Puede que, como decía Miguel Hernández, el toro haya nacido «para el luto y el dolor», y no para la paz de la dehesa, de la hembra y de la hierba; y puede que su destino sea una muerte dolorosa y en desigual pelea en un cráter de arena y sol, y no de viejo, echado al pie de una encina, la boca abierta al calor y no a la sangre; y puede que no pueda impedir que le señalen un duelo con una sombra, que lo cieguen de ira y de dolor y lo maten con una espada, como a un rey de tragedia antigua.

Pero sin duda, para lo que no ha nacido el toro bravo es para el yugo y el arado, para arrastrar la pezuña hundida en el seco terrón y tener la espalda rota de abrir el surco; ni tampoco para la mansa espera en el establo, comiendo el pienso amargo de los condenados, con la muerte rondándole la testuz como las moscas voraces de aquel poema de Machado.

Y tampoco nació para mirar la luna lunera y embestir su reflejo en el río mientras se baña, cancionero apócrifo y cursi de lirismo desvelado y antiguo, que huele a cerrado y a mentira de poeta malo; ni para ser el señor del campo, el rey de la majada, el cacique del territorio que media entre los algarrobos y el arroyo, porque el hombre aspira a poseerlo todo y no admite jamás la competencia.

Y no nació el toro bravo para otear desde la loma la piel del país, perfil altivo, totémico, idealización de un pueblo que siempre dijo preferir la muerte en la pelea que el sacrificado en el matadero, pero que no siempre hace lo que dice que hará ni cree en lo que dice creer, y así suele irle.

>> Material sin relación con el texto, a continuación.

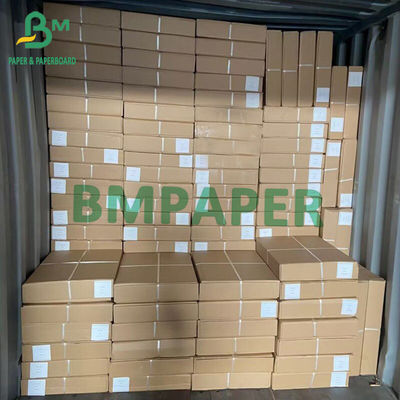 হোয়াইট প্লটার পেপার রোল ইন কার্টন A0 A1 A2 A3 A4 50 মিটার দৈর্ঘ্য 2 ইঞ্চি কোর সিএডি কাগজ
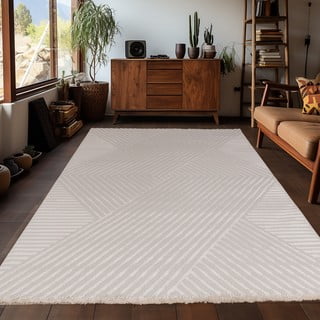 Bež preproga 200x290 cm Sahara – Ayyildiz Carpets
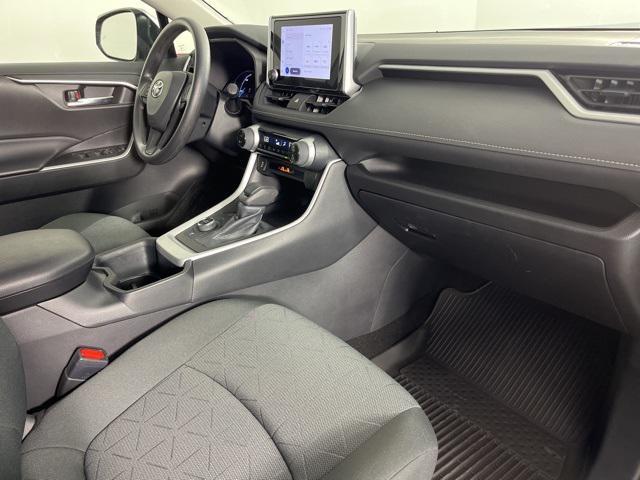 Photo of 2023 Silver Sky Metallic Toyota RAV4 Hybrid
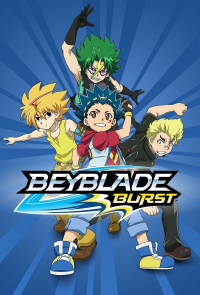 voir serie Beyblade Burst en streaming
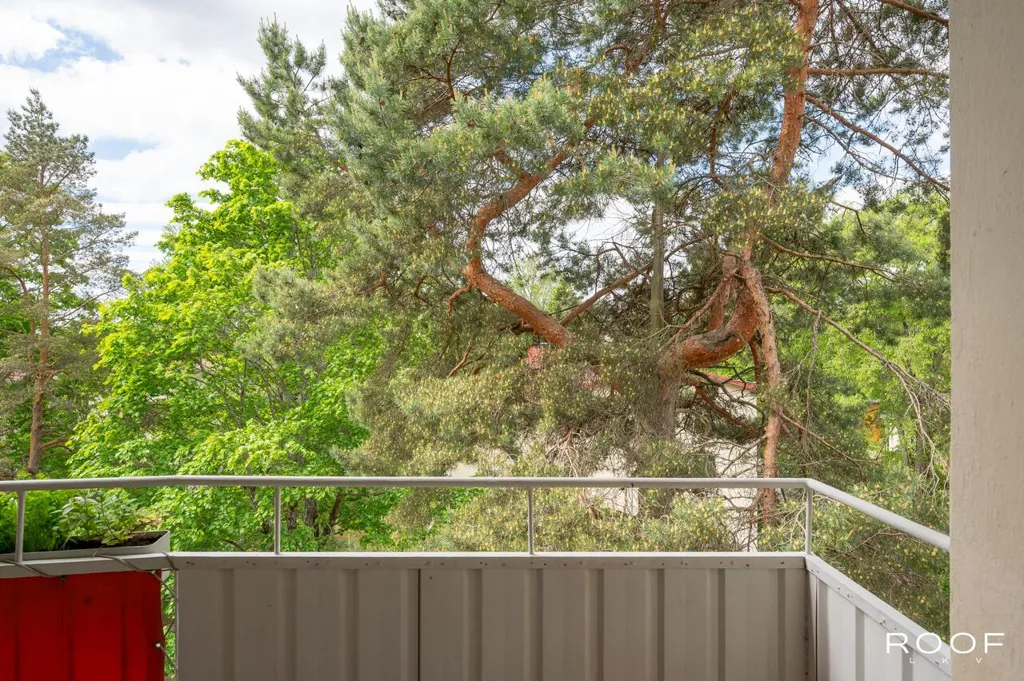 Rõdu - Triplex with Balcony in Helsinki Olympiakylä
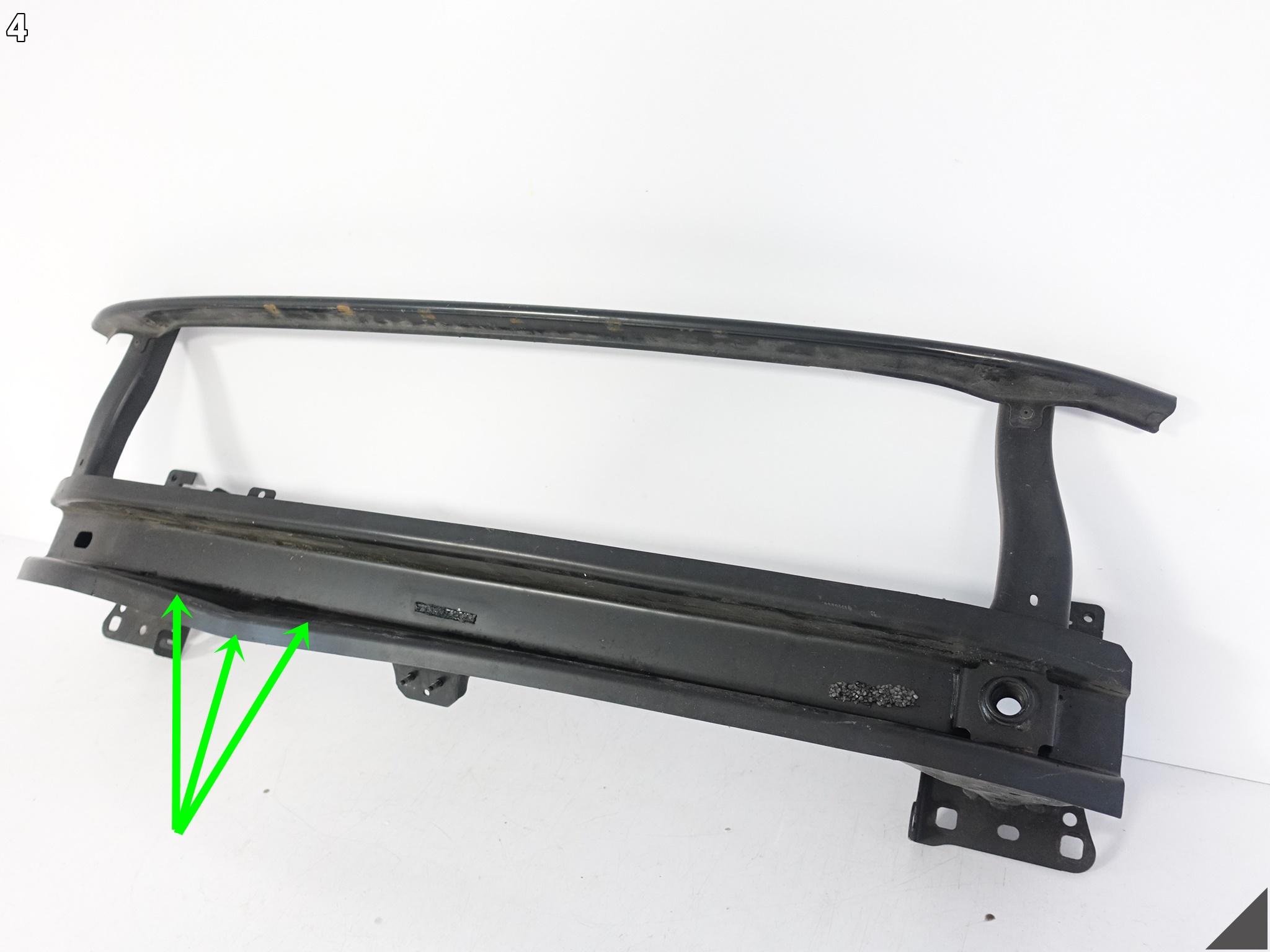 VW GOLF VII 7 5G0 12-20 sider pillar of a bumper front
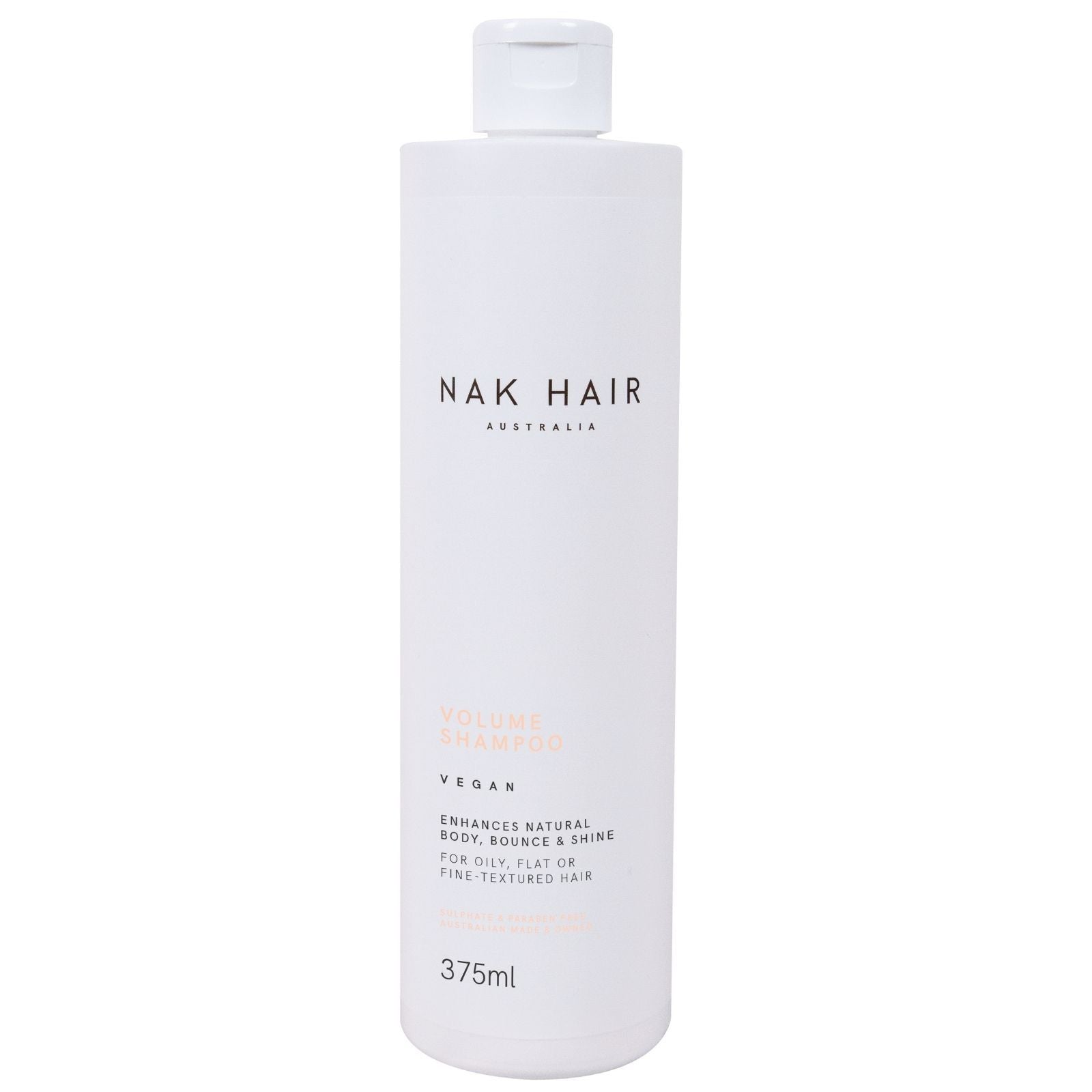 NAK Volume Shampoo 375ml - SkinShop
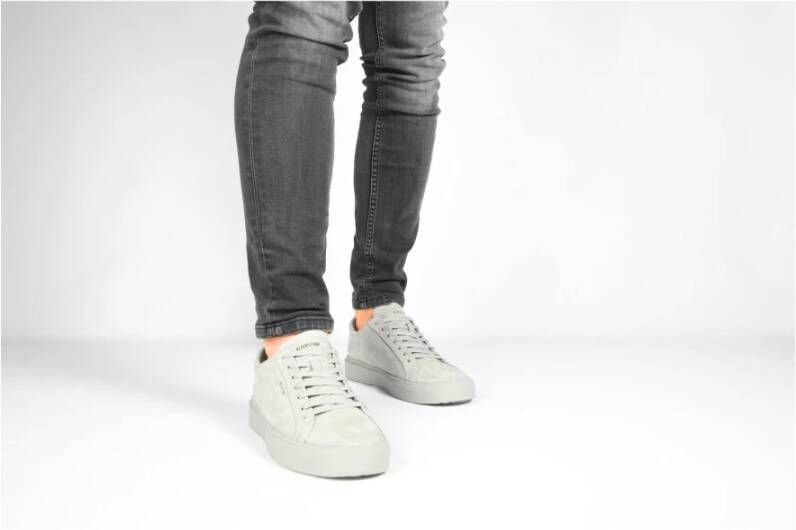 Blackstone Crag Finn LOW Ultimate Grey Sneaker (low) Gray Heren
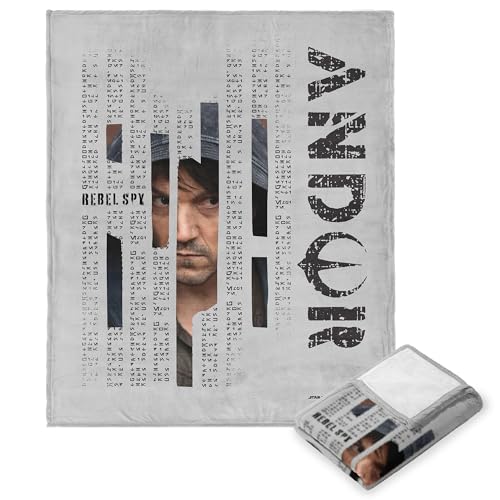 Couverture Star Wars Cassian Andor toucher soie : le cadeau idéal - 2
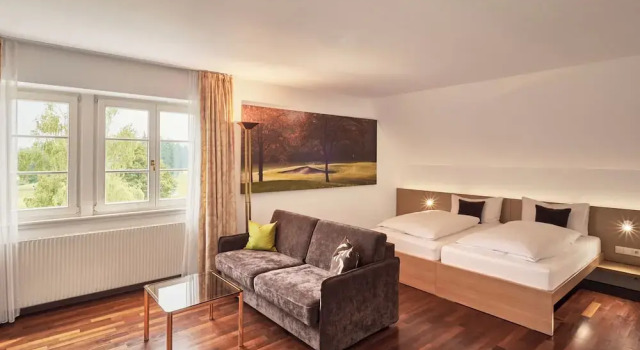 Номер Deluxe Golfhotel Bodensee by Michael Ritter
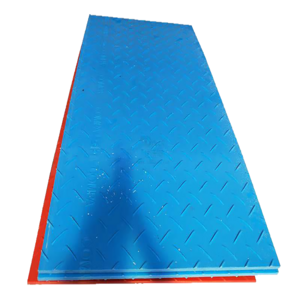 Plastic Hdpe Ground Mat ground Floor Mat swamp Ground Mat For heavy machinery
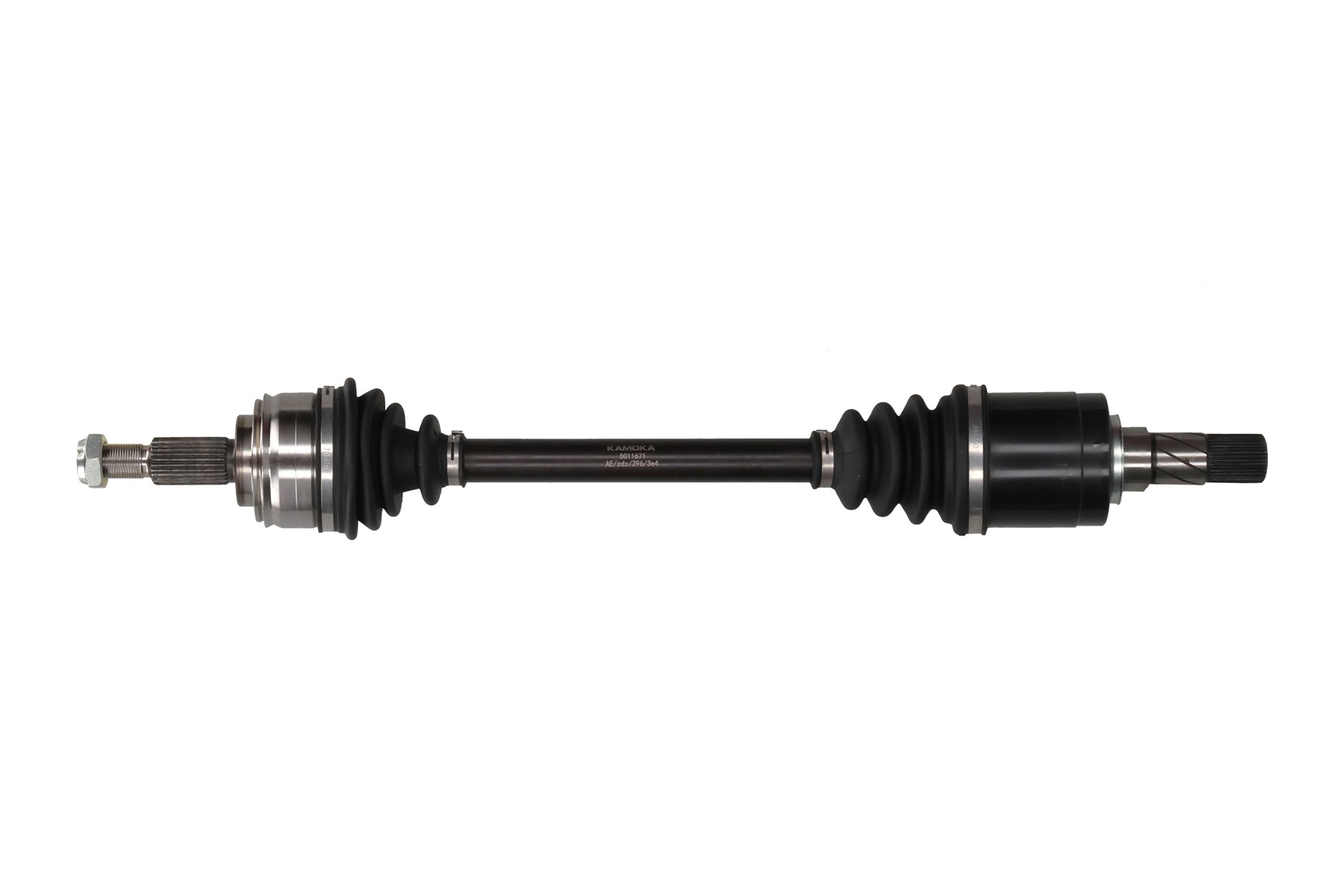 KAMOKA Drivaksel 5011671 venstre foraksel for OPEL VAUXHALL RENAULT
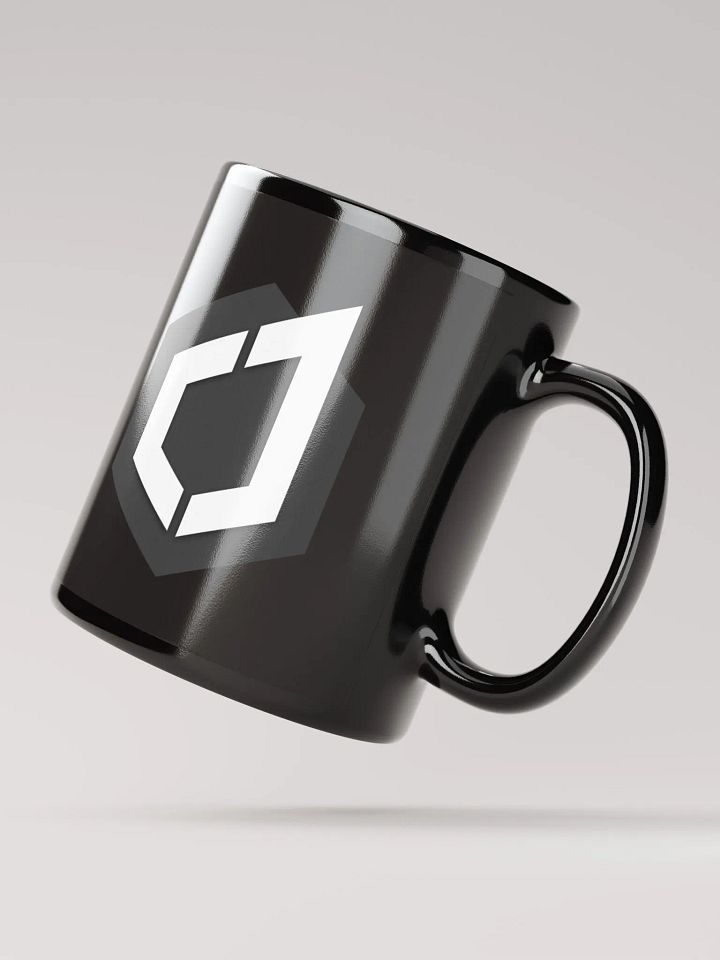 Captain Jack Black Logo Mug product image (4)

El toro bravo en España es una contradicción zaína que divide el alma de los españoles, tan dispuestos siempre a partirse en dos mitades, a arremeter unos contra otros. Están los que veneran su muerte y los que defienden su vida, los que pagan por verlo morir y los que lo quieren vivo a toda costa, incluso a costa del torero.

Y al final de todo este despropósito hemos acabado comprobando que, sea cual sea la parte en la que nos colocamos, el bando que elegimos, se termina estando a favor de una muerte, vitoreando un dolor ajeno que no nos toca de verdad, que no es nuestro, y que por eso jaleamos, siempre con nuestra piedra en la mano.